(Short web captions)
★ ★ ★
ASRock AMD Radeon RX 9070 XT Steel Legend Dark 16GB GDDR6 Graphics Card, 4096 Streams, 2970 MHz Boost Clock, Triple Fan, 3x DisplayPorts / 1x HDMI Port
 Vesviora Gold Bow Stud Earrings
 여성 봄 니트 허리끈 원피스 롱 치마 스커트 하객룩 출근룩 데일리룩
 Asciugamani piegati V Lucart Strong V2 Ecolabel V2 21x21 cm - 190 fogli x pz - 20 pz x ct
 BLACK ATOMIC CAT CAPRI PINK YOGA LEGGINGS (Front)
★ ★ ★
**EXERCISE DIRECTIONS**
Transcribe each record exactly as it is written above.

**TASK SOLUTION**
ASRock AMD Radeon RX 9070 XT Steel Legend Dark 16GB GDDR6 Graphics Card, 4096 Streams, 2970 MHz Boost Clock, Triple Fan, 3x DisplayPorts / 1x HDMI Port
 Vesviora Gold Bow Stud Earrings
 여성 봄 니트 허리끈 원피스 롱 치마 스커트 하객룩 출근룩 데일리룩
 Asciugamani piegati V Lucart Strong V2 Ecolabel V2 21x21 cm - 190 fogli x pz - 20 pz x ct
 BLACK ATOMIC CAT CAPRI PINK YOGA LEGGINGS (Front)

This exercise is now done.